- [Problem]: Each record must appear in the answer exactly as given.

Stored records:
■ ■ ■ ■ ■

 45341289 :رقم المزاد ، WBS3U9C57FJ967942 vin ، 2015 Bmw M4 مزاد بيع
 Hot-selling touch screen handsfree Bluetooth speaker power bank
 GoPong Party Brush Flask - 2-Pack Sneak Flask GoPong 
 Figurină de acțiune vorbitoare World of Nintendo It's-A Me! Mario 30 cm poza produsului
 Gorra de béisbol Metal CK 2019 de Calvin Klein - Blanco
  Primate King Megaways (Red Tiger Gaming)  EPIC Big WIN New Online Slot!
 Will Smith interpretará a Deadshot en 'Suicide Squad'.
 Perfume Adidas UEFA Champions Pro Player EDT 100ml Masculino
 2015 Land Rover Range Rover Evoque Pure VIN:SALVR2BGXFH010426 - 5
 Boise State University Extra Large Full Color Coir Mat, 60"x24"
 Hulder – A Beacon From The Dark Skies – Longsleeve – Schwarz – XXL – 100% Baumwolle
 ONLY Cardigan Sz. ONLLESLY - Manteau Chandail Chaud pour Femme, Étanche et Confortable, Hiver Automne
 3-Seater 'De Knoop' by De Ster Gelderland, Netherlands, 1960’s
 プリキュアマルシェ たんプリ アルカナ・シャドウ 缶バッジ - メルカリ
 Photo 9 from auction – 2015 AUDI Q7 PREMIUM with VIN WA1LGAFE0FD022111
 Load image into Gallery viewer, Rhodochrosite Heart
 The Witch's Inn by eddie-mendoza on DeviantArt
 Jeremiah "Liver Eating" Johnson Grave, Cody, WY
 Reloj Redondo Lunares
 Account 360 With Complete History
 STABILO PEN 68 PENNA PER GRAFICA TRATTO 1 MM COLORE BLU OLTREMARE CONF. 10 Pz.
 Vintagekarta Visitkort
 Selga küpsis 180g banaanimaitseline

■ ■ ■ ■ ■

- [Result]:
 45341289 :رقم المزاد ، WBS3U9C57FJ967942 vin ، 2015 Bmw M4 مزاد بيع
 Hot-selling touch screen handsfree Bluetooth speaker power bank
 GoPong Party Brush Flask - 2-Pack Sneak Flask GoPong 
 Figurină de acțiune vorbitoare World of Nintendo It's-A Me! Mario 30 cm poza produsului
 Gorra de béisbol Metal CK 2019 de Calvin Klein - Blanco
  Primate King Megaways (Red Tiger Gaming)  EPIC Big WIN New Online Slot!
 Will Smith interpretará a Deadshot en 'Suicide Squad'.
 Perfume Adidas UEFA Champions Pro Player EDT 100ml Masculino
 2015 Land Rover Range Rover Evoque Pure VIN:SALVR2BGXFH010426 - 5
 Boise State University Extra Large Full Color Coir Mat, 60"x24"
 Hulder – A Beacon From The Dark Skies – Longsleeve – Schwarz – XXL – 100% Baumwolle
 ONLY Cardigan Sz. ONLLESLY - Manteau Chandail Chaud pour Femme, Étanche et Confortable, Hiver Automne
 3-Seater 'De Knoop' by De Ster Gelderland, Netherlands, 1960’s
 プリキュアマルシェ たんプリ アルカナ・シャドウ 缶バッジ - メルカリ
 Photo 9 from auction – 2015 AUDI Q7 PREMIUM with VIN WA1LGAFE0FD022111
 Load image into Gallery viewer, Rhodochrosite Heart
 The Witch's Inn by eddie-mendoza on DeviantArt
 Jeremiah "Liver Eating" Johnson Grave, Cody, WY
 Reloj Redondo Lunares
 Account 360 With Complete History
 STABILO PEN 68 PENNA PER GRAFICA TRATTO 1 MM COLORE BLU OLTREMARE CONF. 10 Pz.
 Vintagekarta Visitkort
 Selga küpsis 180g banaanimaitseline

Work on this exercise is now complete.